By: Tyndall Asset Management

Will service stations be stranded assets?

Tyndall Asset Management

June 2022

At the same time as we are seeing global policy initiatives seeking to further accelerate the uptake of electric vehicles (EVs), corporate activity in the fuel and convenience retailing sector has stepped up. If the common belief that EVs will displace the need for Fuel Retailers, why are industry players increasing their capital allocation to the sector? We investigate the outlook for Fuel Retailers against the commonly held perception that they will ultimately be stranded assets.

With the transport sector accounting for 14% of global carbon emissions (refer Figure 1), internal combustion engines (ICEs) are directly in the firing line of governments seeking to meet reductions targets. Further, the development of cost-competitive alternative technologies means that the transition to cleaner transport is not only achievable but now gathering significant momentum around the world.

Figure 1: Global Greenhouse Gas Emissions by Economic Sector

Source: US Environmental Protection Agency

The consequence is that ICEs are likely to go the way of the steam engine over time. This begs the question - will service stations become stranded assets? What are the prospects for these sunset industries?

Three years ago the answer to these questions was largely speculative. However, the COVID-19 period has created an ideal test environment in which the impact of a reduction in fuel volumes can be readily examined. This paper reviews the data and the risk that service stations become stranded assets.

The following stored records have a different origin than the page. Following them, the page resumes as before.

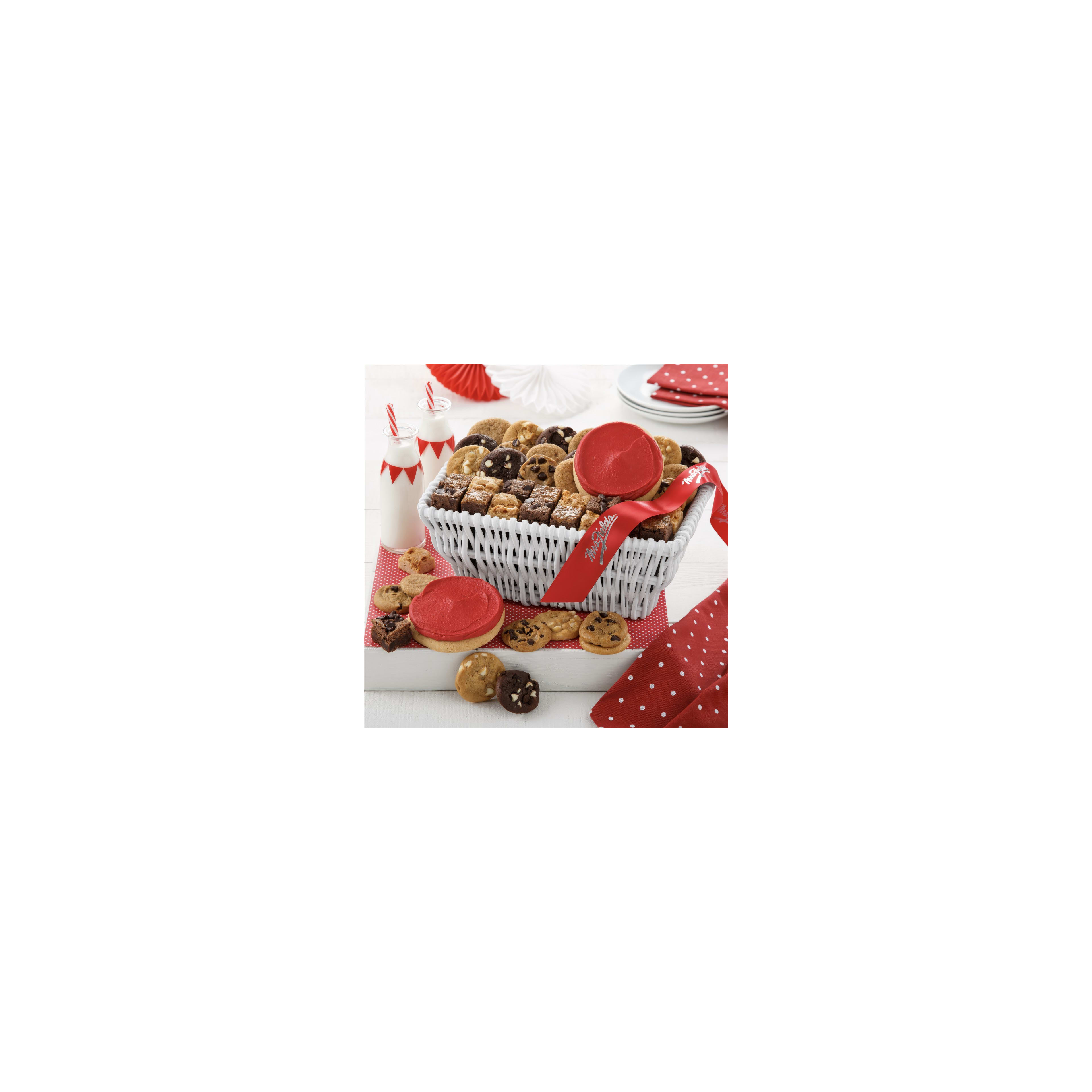 A festive display of cookies and brownies in a basket, perfect for any celebration or gathering.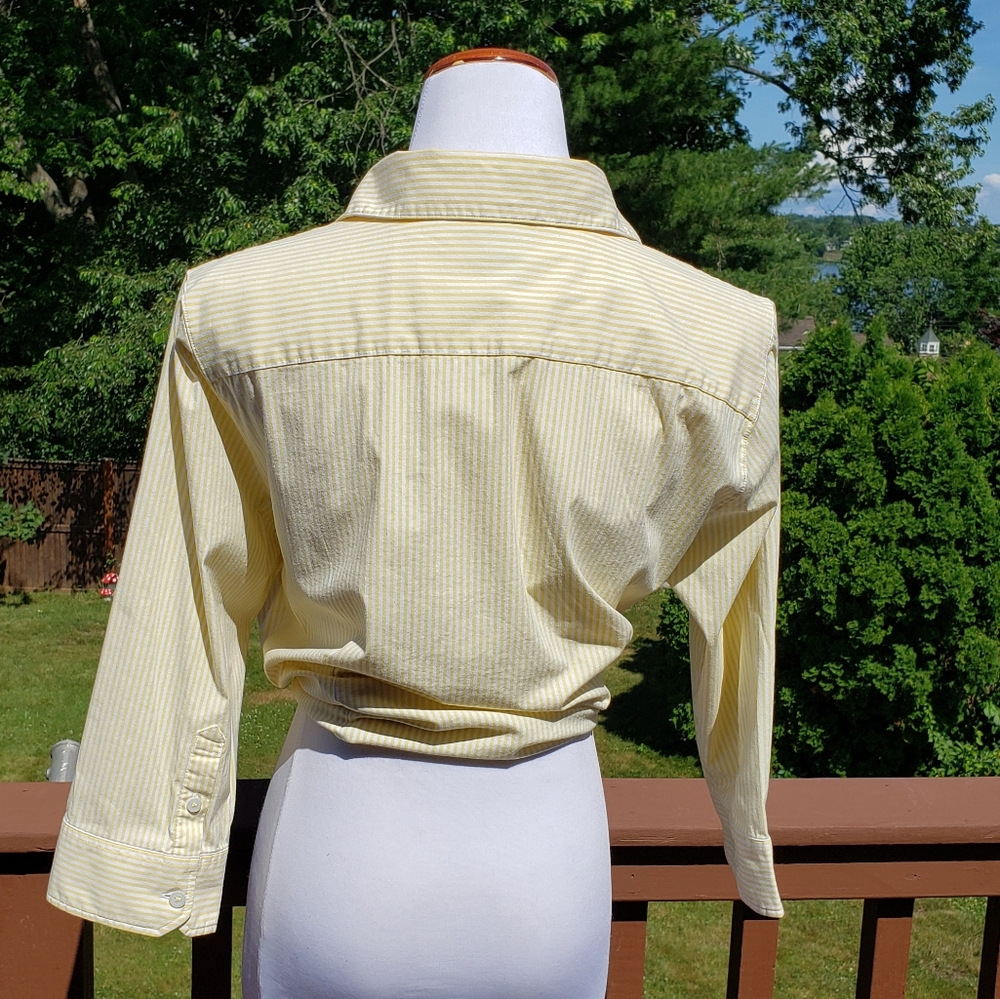 xx LORD AND TAYLOR Yellow Striped Top Sz XL EUC - Picture 7 of 13
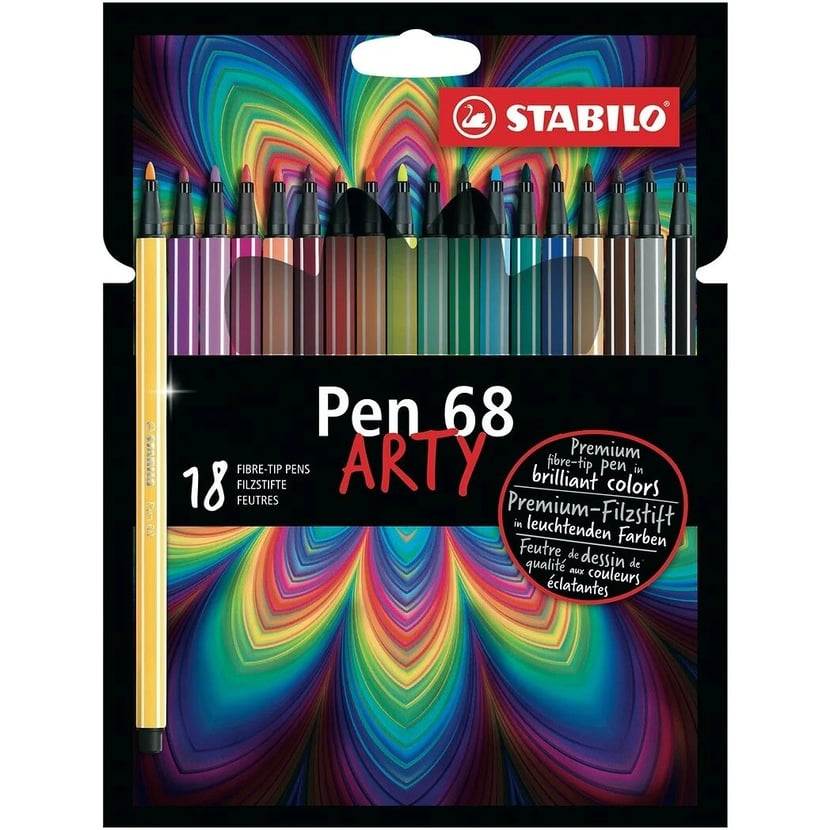 18 feutres de dessin - ARTY Pen 68 - pointe moyenne - STABILO - Dessiner -  Colorier - Peindre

It is beyond debate that over the next two decades the vast majority of Australia's passenger vehicle fleet will transition to cleaner fuels. Car manufacturers are moving rapidly towards EVs, recognising the mega trend and the cost comparability. Governments around the world have varying incentives to assist in the transition, with adoption of EVs having increased rapidly as price-competitive and range issues have been overcome.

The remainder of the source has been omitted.